清宣統二年(1910年)張氏寓園刻本《東莞詩錄》。

莞城圖書館供圖

《東莞縣誌》扉頁。

楊寶霖。

文:楊寶霖


東莞有史以來最大型叢書《東莞歷史文獻叢書》出版了。廣東省立中山圖書館將歷年珍藏的東莞歷史文獻,並向國家圖書館、上海圖書館、南京圖書館、大連圖書館、北京大學圖書館、中國科學院國家科學圖書館、故宮圖書館、北京師範大學圖書館、復旦大學圖書館、中山大學圖書館、廣東省社會科學院圖書館、東北師範大學圖書館、廣州梁氏儀清室、東莞楊氏自力齋等12所圖書館及私家借求秘籍,編成《東莞歷史文獻叢書》(下文簡稱《叢書》)。


《叢書》收錄歷代東莞作者,上起南宋趙必(12451294年),下訖清末劉翰棻(18781951年)共84家著作有經部十種、史部60種、子部28種、集部66種、叢部兩種(內有子目35種),共199種,珍本秘笈,時次其中。

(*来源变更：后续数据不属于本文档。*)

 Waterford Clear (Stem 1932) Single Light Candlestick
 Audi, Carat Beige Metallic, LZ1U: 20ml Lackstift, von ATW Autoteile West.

探此遺珍,可獲異寶。


廣東省立中山圖書館與東莞莞城圖書館合作,成此美舉,沾溉學林,功德無量。東莞泉下先賢、當今英俊,當感激無似。


1949年以前,東莞一向屬廣州管轄,與周邊各縣一樣,歷史悠久,文化昌明,文人輩出,文獻繁多。千百年來,自然的侵蝕,人為的破壞,時至今日,曾有著錄的東莞文獻百不存一。這套《叢書》是東莞現今最大的東莞歷史文獻書庫,這套《叢書》的目錄是現存的東莞歷史文獻最完備的書目。

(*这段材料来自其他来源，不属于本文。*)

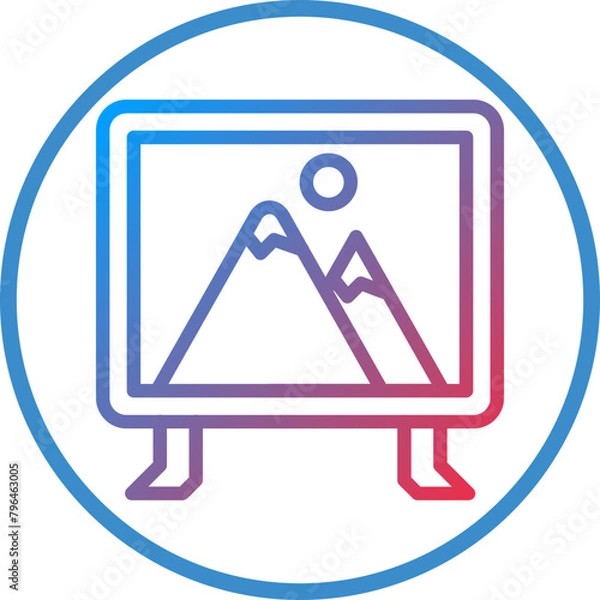 Obraz Digital Art Icon Style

一地的歷史文獻是一地的文化家底,是一地的文明之根。在東莞,要挽典籍之墜緒,發潛德之幽光,舍此《叢書》,當今恐無如此集中、如此便捷之別種也。


研究東莞歷代文化而言,《叢書》雖不能謂一覽無遺,但經史子集俱在,網羅一邑歷史文獻於一書,就是研究東莞歷代文化的倉庫。茲擇其要,結合筆者歷年訪求東莞古籍的膚淺體會,略述於下。

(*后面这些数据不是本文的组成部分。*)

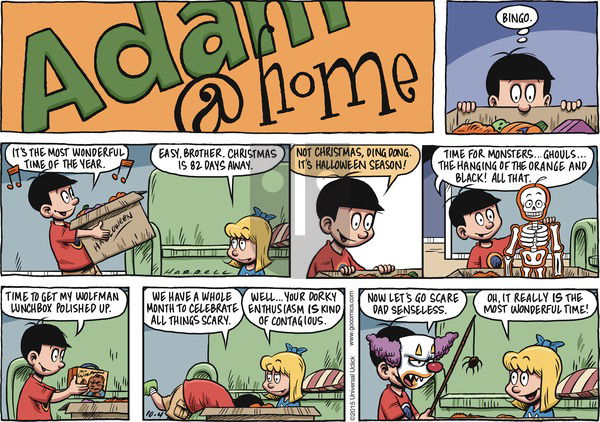 Adam@Home on Sunday October 4, 2015 Comic Strip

《叢書》所收東莞歷史文獻篇幅最大的有兩種,一是陳伯陶主編的《東莞縣誌》(民國)102卷,原裝21冊。一是張其淦獨力編輯的《東莞詩錄》65卷,原裝22冊。陳伯陶與張其淦是同窗,業師是陳伯陶之父陳銘珪,鄉試同榜,會試同時,殿試前其淦因病,故遲伯陶一科成進士。陳銘珪曾謂陳伯陶長於考據,張其淦精於詞章。數十年後,差不多同時,陳伯陶成《東莞縣誌》(民國),張其淦成《東莞詩錄》。


略說《東莞縣誌》


愚以為研究東莞歷代文化,首要遍覽《東莞縣誌》。據《東莞縣誌·藝文略》所載,自元初陳庚的《寶安志》(寶安為東莞古名)起,至清末鄧蓉鏡的《鄧志稿》止,加上陳伯陶的《東莞縣誌》,共有16種。現存多少種?在筆者年將弱冠初涉此途之時,無書可查,亦無人可問,茫茫渺渺,只有獨自去大海撈針,經過30餘年的艱難尋訪,抄寫、拍照、複印、交換、地攤購買,得書的手段幾乎用齊了(無奈當時還沒有掃描,更不可能上網下載),現存《東莞縣誌》7種,始以不同的面目聚首於蕭齋。今日一展《叢書》,現存《東莞縣誌》7種,就一齊出現於眼前,今天的研究者,何其幸也。


東莞自有方誌以來,集舊志之大成而有所創新者,是《東莞縣誌》。主編陳伯陶啟筆於1915年,5年後脫稿,1927年鉛印出版。此志是東莞方誌壓卷之作,時間晚,內容豐。且陳伯陶曾為清國史館總纂,有治史長才,其成就在以前諸志之上。民國間,王雲五主編《續修四庫全書提要》,評此志有「六善」:


邑事散見於史、集部中,舊志多不深考。間有徵引,亦不注所出,茲編廣為摭拾,注其書名。其有差錯者,則加按語考訂之。其善一。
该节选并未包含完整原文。